In all his thunderous and self-righteous allegations Imran Khan has never bothered to produce a shred of evidence or proof. Nor has he had the moral courage to defend his wild accusations in court.
Khan’s “dharnas” take the cake. Plan A was August 14 when the end was supposedly nigh for Nawaz Sharif. But it fizzled out in Islamabad’s D Chowk when the “third umpire” didn’t raise his finger and Tahir ul Qadri abandoned him. Plan B was another dharna on November 30. When it also failed to impress the government, Plan C was hastily announced to bring Lahore (December 4), Faisalabad (8th), Karachi (12th) and then Pakistan to a grinding halt on December 16 (quite forgetting that the Fall of Dhaka and dismemberment of Pakistan took place on that fateful day in 1971). The very next day, these dates were pushed forward and it was announced that instead of a general shutdown strike the PTI’s youthful activists would protest on the main arteries of the cities and allow business as usual to be conducted elsewhere.
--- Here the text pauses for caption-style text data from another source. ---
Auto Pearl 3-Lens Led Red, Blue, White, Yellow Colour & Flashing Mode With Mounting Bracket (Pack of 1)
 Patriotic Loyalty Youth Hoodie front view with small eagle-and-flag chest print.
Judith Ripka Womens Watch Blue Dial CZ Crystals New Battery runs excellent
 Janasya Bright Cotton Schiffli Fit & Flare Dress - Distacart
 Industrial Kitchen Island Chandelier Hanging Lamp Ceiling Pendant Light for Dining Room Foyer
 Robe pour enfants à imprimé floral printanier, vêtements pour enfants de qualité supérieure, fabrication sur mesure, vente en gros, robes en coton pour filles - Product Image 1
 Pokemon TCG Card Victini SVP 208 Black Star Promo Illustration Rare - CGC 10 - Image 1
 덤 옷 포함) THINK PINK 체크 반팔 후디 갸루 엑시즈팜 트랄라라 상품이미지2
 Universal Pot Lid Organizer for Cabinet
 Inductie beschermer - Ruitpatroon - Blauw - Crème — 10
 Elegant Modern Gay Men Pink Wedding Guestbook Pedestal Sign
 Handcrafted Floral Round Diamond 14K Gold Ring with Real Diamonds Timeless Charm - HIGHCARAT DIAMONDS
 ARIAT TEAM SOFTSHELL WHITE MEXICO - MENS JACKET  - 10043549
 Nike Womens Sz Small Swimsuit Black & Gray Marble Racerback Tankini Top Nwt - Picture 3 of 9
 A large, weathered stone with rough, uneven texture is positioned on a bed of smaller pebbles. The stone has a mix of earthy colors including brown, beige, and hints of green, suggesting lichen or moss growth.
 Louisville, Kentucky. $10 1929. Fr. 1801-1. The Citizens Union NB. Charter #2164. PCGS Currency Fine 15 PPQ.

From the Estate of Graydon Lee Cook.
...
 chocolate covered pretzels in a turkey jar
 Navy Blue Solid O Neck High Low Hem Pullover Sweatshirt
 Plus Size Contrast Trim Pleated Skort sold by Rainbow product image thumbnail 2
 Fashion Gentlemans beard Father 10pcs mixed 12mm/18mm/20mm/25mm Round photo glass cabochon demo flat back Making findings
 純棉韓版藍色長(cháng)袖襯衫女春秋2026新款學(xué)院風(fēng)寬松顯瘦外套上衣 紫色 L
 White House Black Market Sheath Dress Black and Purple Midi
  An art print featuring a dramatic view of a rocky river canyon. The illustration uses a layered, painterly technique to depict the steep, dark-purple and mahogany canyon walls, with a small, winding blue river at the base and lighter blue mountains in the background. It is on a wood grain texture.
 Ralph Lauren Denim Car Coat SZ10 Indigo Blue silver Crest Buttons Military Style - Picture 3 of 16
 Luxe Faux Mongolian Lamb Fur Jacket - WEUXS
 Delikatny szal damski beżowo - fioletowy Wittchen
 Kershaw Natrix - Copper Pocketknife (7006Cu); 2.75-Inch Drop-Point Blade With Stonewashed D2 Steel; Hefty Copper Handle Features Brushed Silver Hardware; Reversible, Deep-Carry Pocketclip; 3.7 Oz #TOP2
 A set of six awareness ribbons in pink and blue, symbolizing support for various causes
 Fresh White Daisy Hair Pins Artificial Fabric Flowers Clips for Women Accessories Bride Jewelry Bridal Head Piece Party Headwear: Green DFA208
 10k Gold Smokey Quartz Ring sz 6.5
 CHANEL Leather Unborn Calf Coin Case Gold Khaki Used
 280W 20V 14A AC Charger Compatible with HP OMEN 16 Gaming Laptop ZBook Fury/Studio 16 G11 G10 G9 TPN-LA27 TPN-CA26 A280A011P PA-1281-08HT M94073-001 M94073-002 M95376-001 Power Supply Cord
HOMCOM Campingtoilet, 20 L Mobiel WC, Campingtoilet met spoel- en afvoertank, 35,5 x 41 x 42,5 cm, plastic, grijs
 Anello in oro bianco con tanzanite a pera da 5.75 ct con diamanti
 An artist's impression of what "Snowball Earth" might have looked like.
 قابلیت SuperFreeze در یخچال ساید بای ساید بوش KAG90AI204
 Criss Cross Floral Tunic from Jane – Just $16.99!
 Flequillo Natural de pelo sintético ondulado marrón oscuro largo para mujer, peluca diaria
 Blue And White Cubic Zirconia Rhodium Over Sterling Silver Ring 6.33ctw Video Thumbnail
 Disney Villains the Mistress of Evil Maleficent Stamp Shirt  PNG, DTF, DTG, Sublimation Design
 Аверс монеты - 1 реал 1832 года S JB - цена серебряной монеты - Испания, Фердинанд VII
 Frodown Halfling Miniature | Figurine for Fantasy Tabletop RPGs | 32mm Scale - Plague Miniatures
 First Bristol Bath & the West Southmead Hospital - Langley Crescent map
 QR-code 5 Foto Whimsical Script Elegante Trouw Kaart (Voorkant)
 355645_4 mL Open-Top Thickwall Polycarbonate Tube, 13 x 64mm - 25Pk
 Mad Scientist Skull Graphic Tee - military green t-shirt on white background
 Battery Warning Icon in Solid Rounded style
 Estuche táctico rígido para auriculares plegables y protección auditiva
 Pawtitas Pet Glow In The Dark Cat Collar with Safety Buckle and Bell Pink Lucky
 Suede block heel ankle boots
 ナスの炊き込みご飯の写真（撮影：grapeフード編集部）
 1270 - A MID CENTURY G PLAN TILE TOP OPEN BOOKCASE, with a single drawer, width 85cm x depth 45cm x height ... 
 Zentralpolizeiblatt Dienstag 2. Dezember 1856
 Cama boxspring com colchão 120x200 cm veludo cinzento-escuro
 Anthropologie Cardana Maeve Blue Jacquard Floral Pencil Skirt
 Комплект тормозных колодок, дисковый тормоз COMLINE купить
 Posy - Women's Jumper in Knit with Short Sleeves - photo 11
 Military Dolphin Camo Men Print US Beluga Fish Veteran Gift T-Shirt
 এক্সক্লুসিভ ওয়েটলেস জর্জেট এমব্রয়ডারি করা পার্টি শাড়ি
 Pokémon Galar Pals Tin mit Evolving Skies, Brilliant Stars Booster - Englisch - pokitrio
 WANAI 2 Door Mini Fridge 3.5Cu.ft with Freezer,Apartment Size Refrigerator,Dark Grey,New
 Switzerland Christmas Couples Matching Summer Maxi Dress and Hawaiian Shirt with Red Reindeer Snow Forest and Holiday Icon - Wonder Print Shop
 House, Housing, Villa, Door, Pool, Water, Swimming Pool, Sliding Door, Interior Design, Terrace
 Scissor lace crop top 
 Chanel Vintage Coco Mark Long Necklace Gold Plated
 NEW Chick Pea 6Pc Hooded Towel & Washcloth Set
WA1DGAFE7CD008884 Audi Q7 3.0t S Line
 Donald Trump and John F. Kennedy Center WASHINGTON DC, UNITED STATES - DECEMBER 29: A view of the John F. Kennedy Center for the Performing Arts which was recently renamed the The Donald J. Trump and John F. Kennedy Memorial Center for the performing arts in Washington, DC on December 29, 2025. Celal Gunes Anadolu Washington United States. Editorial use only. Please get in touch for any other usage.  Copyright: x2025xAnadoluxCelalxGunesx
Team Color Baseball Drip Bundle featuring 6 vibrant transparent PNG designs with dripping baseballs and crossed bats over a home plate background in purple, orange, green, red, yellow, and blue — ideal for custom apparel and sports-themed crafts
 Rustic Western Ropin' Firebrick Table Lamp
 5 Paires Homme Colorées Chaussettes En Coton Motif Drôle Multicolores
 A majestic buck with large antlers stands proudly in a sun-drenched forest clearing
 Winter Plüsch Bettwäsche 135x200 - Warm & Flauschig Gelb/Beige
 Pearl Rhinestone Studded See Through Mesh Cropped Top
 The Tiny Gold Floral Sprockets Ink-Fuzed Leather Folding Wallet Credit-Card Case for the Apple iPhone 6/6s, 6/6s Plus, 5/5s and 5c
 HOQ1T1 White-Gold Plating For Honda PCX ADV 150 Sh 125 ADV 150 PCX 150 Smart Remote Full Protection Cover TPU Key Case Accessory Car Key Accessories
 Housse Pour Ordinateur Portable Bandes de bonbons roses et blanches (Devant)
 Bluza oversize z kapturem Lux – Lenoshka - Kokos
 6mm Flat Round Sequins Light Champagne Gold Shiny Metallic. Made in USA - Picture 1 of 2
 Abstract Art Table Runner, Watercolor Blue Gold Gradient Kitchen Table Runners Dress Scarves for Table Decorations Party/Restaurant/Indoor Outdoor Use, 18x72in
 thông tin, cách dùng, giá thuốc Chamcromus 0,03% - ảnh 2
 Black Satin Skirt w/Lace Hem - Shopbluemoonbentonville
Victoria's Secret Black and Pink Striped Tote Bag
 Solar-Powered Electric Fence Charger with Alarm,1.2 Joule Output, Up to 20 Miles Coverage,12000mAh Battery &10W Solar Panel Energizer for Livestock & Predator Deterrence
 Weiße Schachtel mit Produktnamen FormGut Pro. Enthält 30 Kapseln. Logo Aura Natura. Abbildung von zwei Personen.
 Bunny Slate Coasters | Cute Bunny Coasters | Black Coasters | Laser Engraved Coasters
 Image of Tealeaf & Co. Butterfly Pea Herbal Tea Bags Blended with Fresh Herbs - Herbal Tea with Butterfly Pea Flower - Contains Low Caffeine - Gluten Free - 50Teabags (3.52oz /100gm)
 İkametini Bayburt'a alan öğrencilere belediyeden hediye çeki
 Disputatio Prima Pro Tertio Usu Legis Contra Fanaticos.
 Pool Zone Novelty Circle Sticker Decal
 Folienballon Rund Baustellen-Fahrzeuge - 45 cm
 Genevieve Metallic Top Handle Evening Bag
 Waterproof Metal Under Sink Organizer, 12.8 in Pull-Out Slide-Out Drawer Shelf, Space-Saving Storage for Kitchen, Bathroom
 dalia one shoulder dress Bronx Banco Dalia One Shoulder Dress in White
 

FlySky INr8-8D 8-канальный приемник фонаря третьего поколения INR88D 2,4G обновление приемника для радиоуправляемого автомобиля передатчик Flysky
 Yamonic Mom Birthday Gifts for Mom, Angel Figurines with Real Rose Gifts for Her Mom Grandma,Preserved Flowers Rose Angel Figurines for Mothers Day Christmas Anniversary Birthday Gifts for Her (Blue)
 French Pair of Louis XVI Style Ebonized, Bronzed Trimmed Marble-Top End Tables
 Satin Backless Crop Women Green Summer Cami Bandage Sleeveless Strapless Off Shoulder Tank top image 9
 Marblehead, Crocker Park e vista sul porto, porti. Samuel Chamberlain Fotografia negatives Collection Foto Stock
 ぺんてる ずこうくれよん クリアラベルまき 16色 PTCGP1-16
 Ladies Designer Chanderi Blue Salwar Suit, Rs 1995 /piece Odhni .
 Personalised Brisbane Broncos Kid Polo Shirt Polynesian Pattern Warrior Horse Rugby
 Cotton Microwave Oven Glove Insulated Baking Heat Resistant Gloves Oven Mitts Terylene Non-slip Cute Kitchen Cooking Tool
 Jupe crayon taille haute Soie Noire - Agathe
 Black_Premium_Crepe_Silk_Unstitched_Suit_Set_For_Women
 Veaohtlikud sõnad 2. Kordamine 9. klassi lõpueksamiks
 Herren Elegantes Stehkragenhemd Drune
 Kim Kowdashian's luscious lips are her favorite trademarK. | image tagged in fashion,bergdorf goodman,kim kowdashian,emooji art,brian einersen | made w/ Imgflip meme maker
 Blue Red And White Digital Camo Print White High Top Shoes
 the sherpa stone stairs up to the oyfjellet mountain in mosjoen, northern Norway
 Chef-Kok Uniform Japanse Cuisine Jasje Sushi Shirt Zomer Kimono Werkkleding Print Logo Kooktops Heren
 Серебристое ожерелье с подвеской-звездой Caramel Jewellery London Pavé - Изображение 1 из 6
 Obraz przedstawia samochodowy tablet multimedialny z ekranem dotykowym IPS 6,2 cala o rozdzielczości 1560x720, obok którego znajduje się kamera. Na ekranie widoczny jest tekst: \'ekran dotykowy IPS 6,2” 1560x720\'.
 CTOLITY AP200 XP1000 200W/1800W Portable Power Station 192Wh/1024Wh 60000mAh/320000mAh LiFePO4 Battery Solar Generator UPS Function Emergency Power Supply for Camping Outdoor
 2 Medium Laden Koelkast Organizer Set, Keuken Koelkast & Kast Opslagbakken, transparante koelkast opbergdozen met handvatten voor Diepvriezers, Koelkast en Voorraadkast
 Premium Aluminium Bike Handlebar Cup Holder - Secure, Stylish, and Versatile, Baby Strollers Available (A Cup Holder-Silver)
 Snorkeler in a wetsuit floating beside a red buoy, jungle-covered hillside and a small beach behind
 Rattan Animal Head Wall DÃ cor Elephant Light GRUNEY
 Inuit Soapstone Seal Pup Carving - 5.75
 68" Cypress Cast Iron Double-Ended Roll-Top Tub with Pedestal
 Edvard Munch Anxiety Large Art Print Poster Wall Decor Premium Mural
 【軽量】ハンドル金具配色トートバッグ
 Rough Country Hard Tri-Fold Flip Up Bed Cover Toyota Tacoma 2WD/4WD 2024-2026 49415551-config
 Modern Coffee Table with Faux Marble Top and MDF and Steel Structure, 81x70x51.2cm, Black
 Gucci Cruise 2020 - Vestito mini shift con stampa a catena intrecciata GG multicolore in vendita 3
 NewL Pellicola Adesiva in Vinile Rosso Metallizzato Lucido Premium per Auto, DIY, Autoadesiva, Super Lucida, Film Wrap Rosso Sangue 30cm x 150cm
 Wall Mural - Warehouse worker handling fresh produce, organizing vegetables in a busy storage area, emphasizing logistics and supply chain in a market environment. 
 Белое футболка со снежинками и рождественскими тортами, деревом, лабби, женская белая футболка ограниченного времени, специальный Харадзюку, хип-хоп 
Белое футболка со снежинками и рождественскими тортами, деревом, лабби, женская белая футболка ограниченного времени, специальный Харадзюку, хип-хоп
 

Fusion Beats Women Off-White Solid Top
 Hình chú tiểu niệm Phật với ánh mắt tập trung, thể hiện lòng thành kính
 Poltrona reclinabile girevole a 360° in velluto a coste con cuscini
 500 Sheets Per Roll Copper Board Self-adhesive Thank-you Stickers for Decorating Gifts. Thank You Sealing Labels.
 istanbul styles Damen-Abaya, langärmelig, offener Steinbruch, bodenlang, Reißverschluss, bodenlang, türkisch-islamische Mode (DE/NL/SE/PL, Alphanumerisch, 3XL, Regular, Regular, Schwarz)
Now the Mother of All Plans, Plan D, is being threatened if Plan C fails. God alone knows what is in store for Pakistanis. If Khan intends to run through the alphabet from A to Z, no one should be surprised. But he is losing steam.
Not so long ago, Khan was adamant that he would not stop before the ouster of Nawaz Sharif in August, then in November, then in December. Now he is predicting the end for Nawaz before Eid next year.
Unfortunately, pride and prejudice continue to stand in the way of sense and sensibility. Imran Khan says he will call off his dharnas if the government accepts his TORs for a judicial commission, assisted by the third umpire’s ISI and MI, that completes its findings in six weeks, and is assured of Nawaz Sharif’s resignation, followed by fresh elections if the commission finds widespread electoral malpractices. This is an impossible and unrealistic demand: the SC cannot be told how to conduct an inquiry; the government cannot be expected to refrain from laying down strictly verifiable TORs; and such an inquiry cannot be completed in six months, let alone six weeks. The talks wont get anywhere if Khan refuses to budge.
Agreed that Imran Khan is a dogged and timely campaigner against corruption and bad governance. Agreed, too, that he has galvanized the youth of Pakistan to rise and agitate for “change” like no one else before him. But he is tarring all and sundry who stand in his way while he is the Teflon Man against whom no charge will stick. The tragedy is he is doing his great cause a disservice by tilting at the windmills and spreading disorder and confusion across the land.